Versioning should follow the Semantic Versioning standard, and projects that use them should specify their requirements so that the appropriate versions are used.
Releases should be created by:
- updating the version appropriately in package metadata and committing to git
- updating the changelog to draw a line under changes and attribute them to a version
- tagging that commit using a tag of the form
- building the appropriate release package from that tag
If a project is not continuously released, and has staged releases, we want to track what goes into those releases, so we can be confident about what we’re shipping, know when we shipped it, and share what we’ve done with our clients (and maybe beyond).
CHANGELOG.md file in the root of a repository is a standard for
tracking these changes against versions, but the only work if they are updated.
When introducing a significant change to a project, we should be recording that
change at the time we make it, while the issue is fresh in our minds.

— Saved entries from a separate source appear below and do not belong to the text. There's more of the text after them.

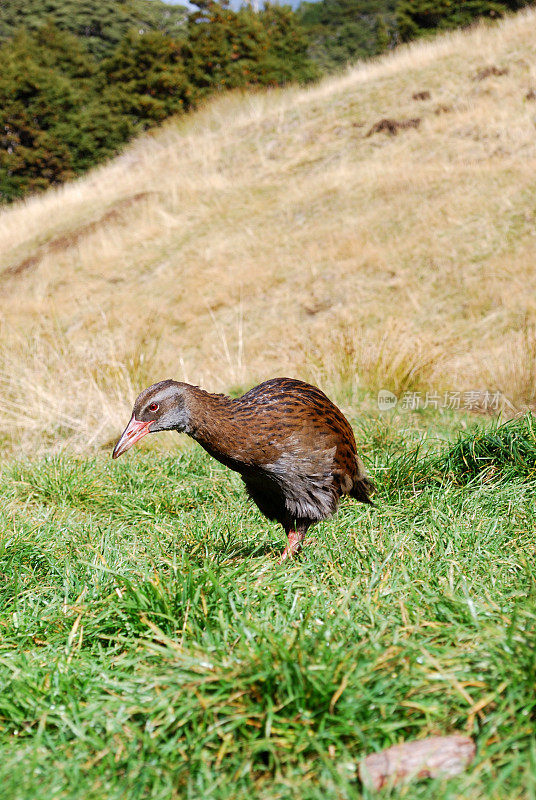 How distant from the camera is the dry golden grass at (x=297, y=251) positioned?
6.31m

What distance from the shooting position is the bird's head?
2.87 m

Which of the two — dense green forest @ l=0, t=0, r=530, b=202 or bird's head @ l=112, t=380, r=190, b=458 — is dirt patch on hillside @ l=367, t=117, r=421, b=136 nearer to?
dense green forest @ l=0, t=0, r=530, b=202

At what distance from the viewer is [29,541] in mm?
3195

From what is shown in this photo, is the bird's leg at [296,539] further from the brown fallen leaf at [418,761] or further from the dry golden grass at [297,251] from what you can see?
the dry golden grass at [297,251]

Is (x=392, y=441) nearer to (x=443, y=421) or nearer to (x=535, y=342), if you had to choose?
(x=443, y=421)

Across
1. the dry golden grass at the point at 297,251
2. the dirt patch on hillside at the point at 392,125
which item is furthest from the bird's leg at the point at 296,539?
the dirt patch on hillside at the point at 392,125

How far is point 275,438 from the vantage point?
9.83ft

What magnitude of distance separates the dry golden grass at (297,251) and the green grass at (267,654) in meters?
2.64

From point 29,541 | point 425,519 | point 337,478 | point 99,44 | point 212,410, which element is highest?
point 99,44

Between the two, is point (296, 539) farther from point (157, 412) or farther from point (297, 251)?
point (297, 251)

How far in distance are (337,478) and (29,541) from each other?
142cm

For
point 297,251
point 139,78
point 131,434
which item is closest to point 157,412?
point 131,434

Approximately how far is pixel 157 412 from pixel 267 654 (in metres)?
1.23

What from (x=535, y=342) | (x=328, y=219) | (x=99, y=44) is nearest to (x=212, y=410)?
(x=535, y=342) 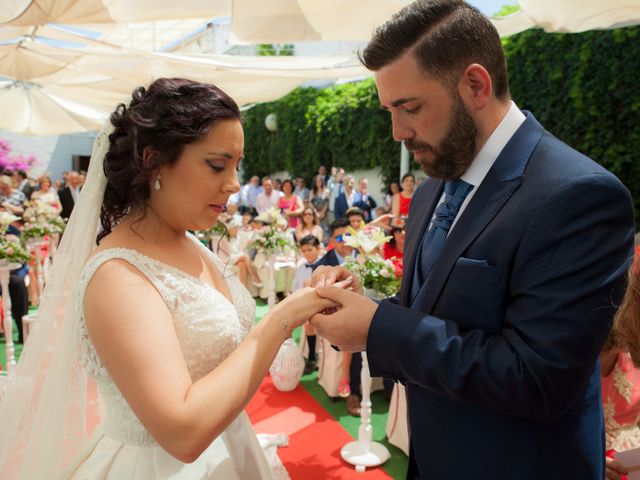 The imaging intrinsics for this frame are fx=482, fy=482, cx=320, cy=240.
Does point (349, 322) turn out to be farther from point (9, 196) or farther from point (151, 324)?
point (9, 196)

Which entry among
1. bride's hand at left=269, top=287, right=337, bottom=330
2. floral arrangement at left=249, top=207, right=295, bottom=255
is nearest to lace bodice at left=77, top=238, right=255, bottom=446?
bride's hand at left=269, top=287, right=337, bottom=330

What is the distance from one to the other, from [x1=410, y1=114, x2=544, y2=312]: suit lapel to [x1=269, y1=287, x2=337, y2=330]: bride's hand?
36cm

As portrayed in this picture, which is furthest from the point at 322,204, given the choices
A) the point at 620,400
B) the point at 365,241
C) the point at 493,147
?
the point at 493,147

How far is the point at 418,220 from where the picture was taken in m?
1.85

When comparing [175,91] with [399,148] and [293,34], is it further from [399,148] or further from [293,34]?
[399,148]

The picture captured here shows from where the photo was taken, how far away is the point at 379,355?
139 cm

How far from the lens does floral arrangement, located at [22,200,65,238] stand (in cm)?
682

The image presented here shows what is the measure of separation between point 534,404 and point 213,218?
3.95 feet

We follow the Keep a Changelog 1.0.0 format for the changelogs we keep. This means integrating updating the changelog into the release process for the project. This also means versioning the project.
If the team decides that a changelog is not appropriate for a project, you should document that decision as an Architectural Decision Record (ADR), so future maintainers and contributors understand the reasoning for not doing so.
See Tech Team RFC-019 for more context around this decision.